Op het moment van schieten vanuit een 406 mm kanon was alles wat de grond bedekte binnen een straal van 50 meter in de lucht, het zicht was enige tijd nihil. Er was niets te zien, inclusief de multi-tons artillerie-installatie die zojuist een projectiel van 570 kg de lucht in had gestuurd. De specialisten renden naar het gemotoriseerde kanon en vertraagden terwijl ze naderden, diep in gedachten verzonken. De aanblik van wat er nog over was van de formidabele machine inspireerde de aanwezigen niet bij de tests.
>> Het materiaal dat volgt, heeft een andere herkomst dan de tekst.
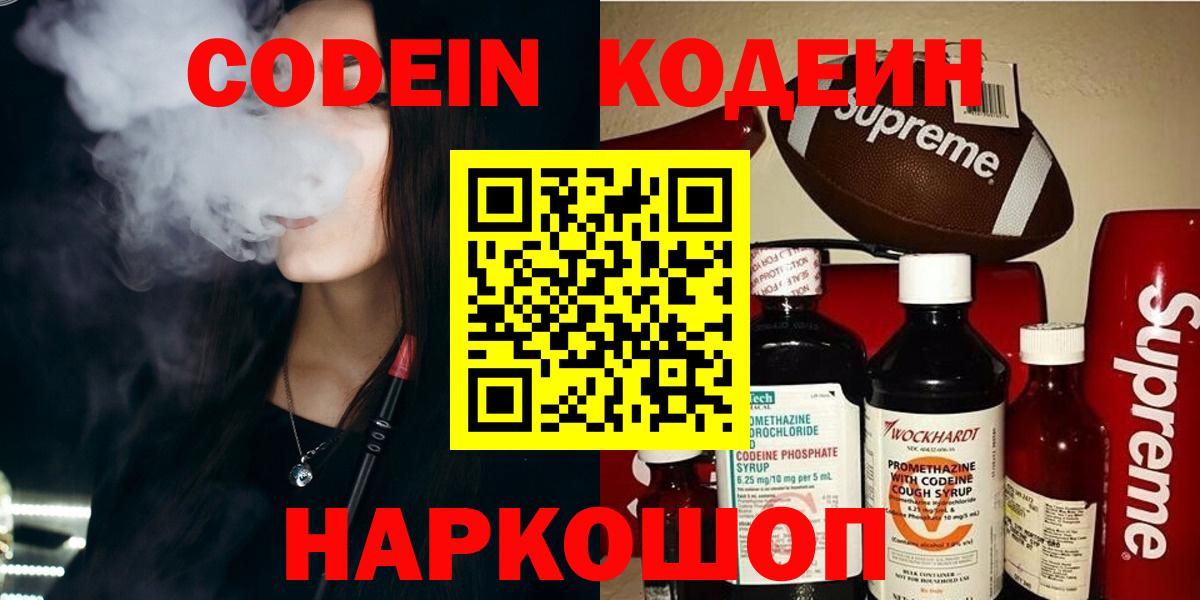 Codein Purple Drank  Вход с VPN  Железногорск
Als resultaat van de tests die werden uitgevoerd met het afvuren van een simulator van een nucleair wapen, werd het volgende opgemerkt: verstoring van de versnellingsbakbevestigingen, vernietiging van apparatuur, schade aan luiaards, terugrollen van het gevechtsvoertuig met enkele meters. Constructieve fouten die tijdens de ontwikkeling zijn gemaakt, zijn gecorrigeerd, maar het was nauwelijks mogelijk om de situatie significant te verbeteren. Het werk werd grotendeels teruggebracht tot het verfijnen van de voltooide monsters tot een staat die hen in staat stelt deel te nemen aan parades.
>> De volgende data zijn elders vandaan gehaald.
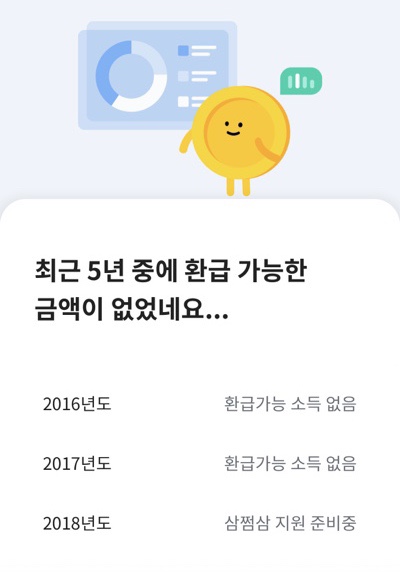 얌채치킨 이미지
Tegelijkertijd was zelfs in deze staat van "parade-uitrusting" het effect van de installaties "Condenser 2P" en "Oka". Tijdens de Koude Oorlog hebben beide oorlogvoerende landen elkaar vaak verkeerd geïnformeerd en hiervoor veel moeite gedaan. De waarschijnlijke vijand was nerveus bij de gedachte dat de Sovjet-Unie superkrachtige nucleaire artillerie bezat. De situatie werd verergerd door foto's in de Amerikaanse pers, die de Sovjet-artilleriemonsters in al hun glorie lieten zien.
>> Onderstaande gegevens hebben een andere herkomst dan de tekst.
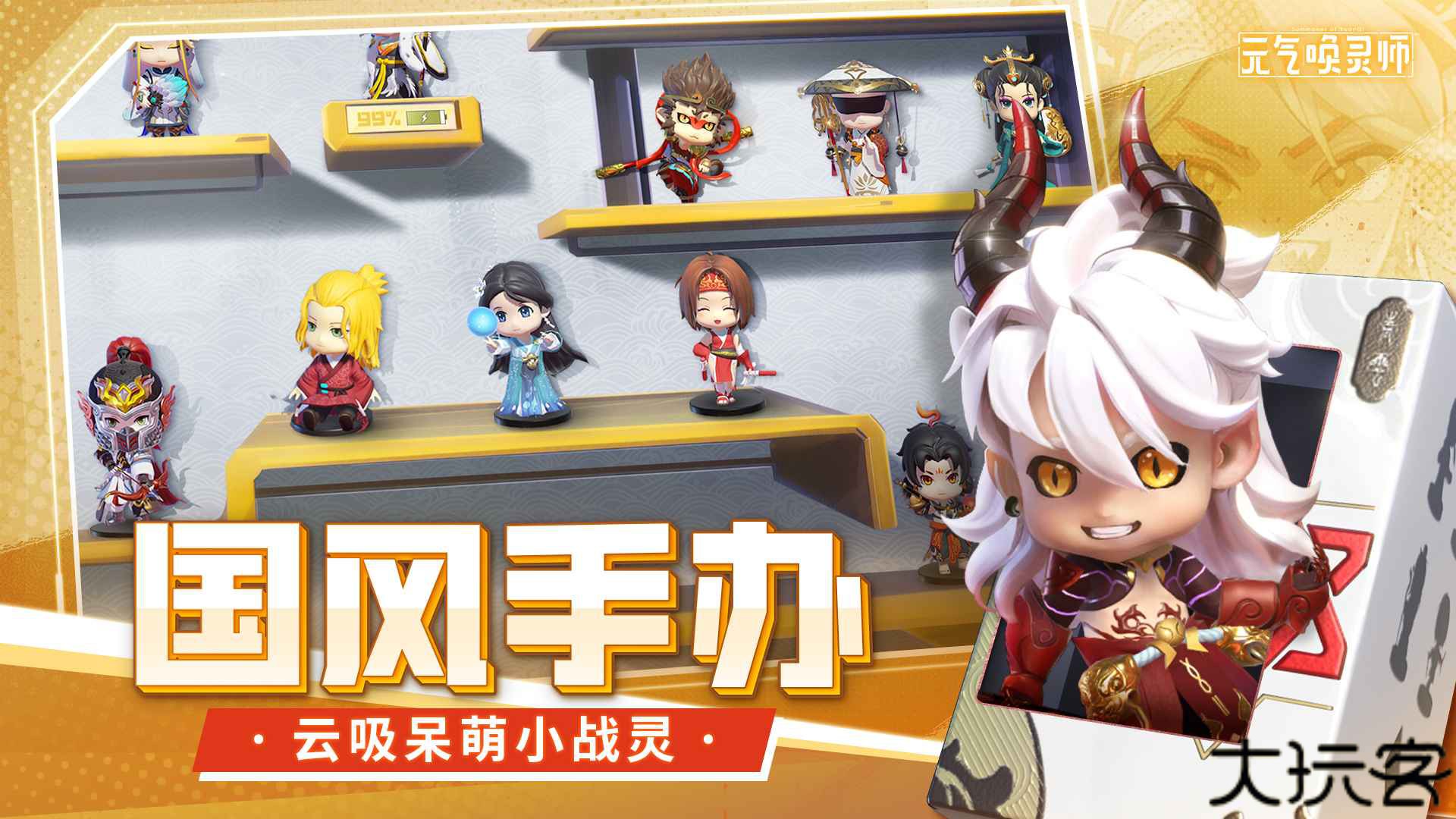 元气唤灵师安卓版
Het is ook belangrijk dat de niet geheel succesvolle ervaring met het maken van superkrachtige gemotoriseerde artillerie nog steeds nuttig was. Dankzij deze ontwikkelingen in de USSR konden dezelfde bedrijven en ontwerpbureaus in korte tijd een installatie maken die in gebruik werd genomen. We hebben het over een uniek 203 mm zelfrijdend kanon "Pion" (2S7), dat lange tijd actief werd geëxploiteerd in het leger van de USSR en vervolgens in Rusland.